Indeed, the results indicate that Meta achieved most of the goals outlined by CEO Mark Zuckerberg as part of the “year of efficiency” initiative announced in February 2023. Under this strategy, Meta implemented layoffs and other spending cuts, leading to a remarkably successful effort to reverse the previous year’s revenue declines and share price weakness.
Regarding its share price, the company closed on Friday, February 2, 2024, with a 20% gain within 24 hours, closing at $474.99. On a year-to-date basis, the equity has surged almost 40%.
The recent uptick in the stock price has propelled Meta’s market capitalization to reach $1.21 trillion, following a single-day inflow of $205.3 billion. According to Bloomberg data, this inflow represents the largest market capitalization gain in a single day for any stock.
According to the data, other notable single-day gains include Apple (NASDAQ: AAPL), which saw an inflow of $190.9 billion on November 10, 2022, and Amazon’s (NASDAQ: AMZN), which ranked third at $190.8 billion on February 4, 2022. Semiconductor giant NVIDIA Corporation (NASDAQ: NVDA) recorded the fourth-highest gains in history at $184.1 billion on May 25, 2023.
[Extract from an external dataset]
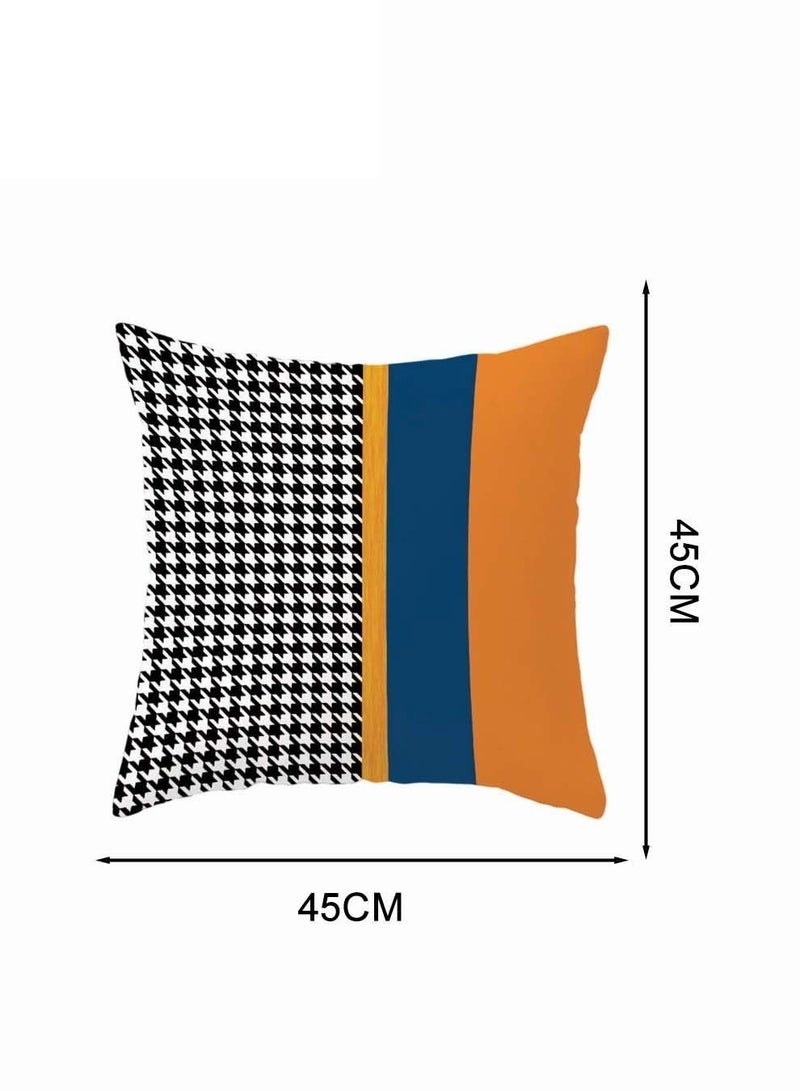 MIXDE Set of 6 Abstract Modern Decorative Pillow Covers - Short Plush Cushion Cases, 18 X 18 Inch - Geometric Design - Image 5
Meta’s strong stock performance follows positive Q4 2023 results, with adjusted earnings per share (EPS) of $5.33 on revenue of $40.11 billion, surpassing analyst expectations. The company increased its stock buyback by $50 billion.
In Q4, Meta’s advertising revenue reached $38.7 billion, beating the expected $37.8 billion, and Facebook’s daily active users totaled 2.11 billion, exceeding the anticipated 2.07 billion. Ad impressions rose by 21%, while the average ad price fell by 2%.
Meta’s Reality Labs reported a loss of $4.65 billion, up from $4.3 billion last year, but surpassed revenue expectations at $1.07 billion, beating the expected $812 million.
Despite a 6% YoY growth in Facebook daily active users to over 2.1 billion, Meta will no longer report Facebook user numbers, emphasizing its focus on the larger family of apps with an average of 3.19 billion daily active people in December.
Meta CEO Mark Zuckerberg revealed that Threads, Meta’s competitor to X (formerly Twitter), has reached 130 million monthly active users, indicating growth.
Looking ahead to 2024, Meta plans significant investments in artificial intelligence (AI), with expected capital expenditures between $30 billion and $37 billion. The company also declared its first-ever cash dividend of $0.50 per share and a $50 billion share buyback, aiming to reward shareholders but facing criticism for potentially inflating stock prices without substantial business improvements.
With approximately 350 million shares, Zuckerberg could earn around $700 million in the first year if Meta maintains consistent dividend payouts.
Elsewhere, based on META’s stock performance in the last three months, 40 Wall Street analysts at TipRanks have provided 12-month price targets for the equity. According to the analysts ‘ consensus, the average 12-month price target for Meta Platforms stands at $513.63. This figure is derived from a high forecast of $575 and a low forecast of $400.
The average price target reflects an 8.13% change from the last recorded price of $474.99. This suggests an overall positive outlook among analysts, as the consensus anticipates a notable increase in Meta Platforms’ valuation over the next year.
The analysts are resoundingly bullish on Meta Platforms, as evidenced by their strong buy rating. Of the 40 analysts, 37 recommend buying META shares.
This collective confidence may be attributed to various factors, including Meta’s strategic initiatives, product developments, and overall performance.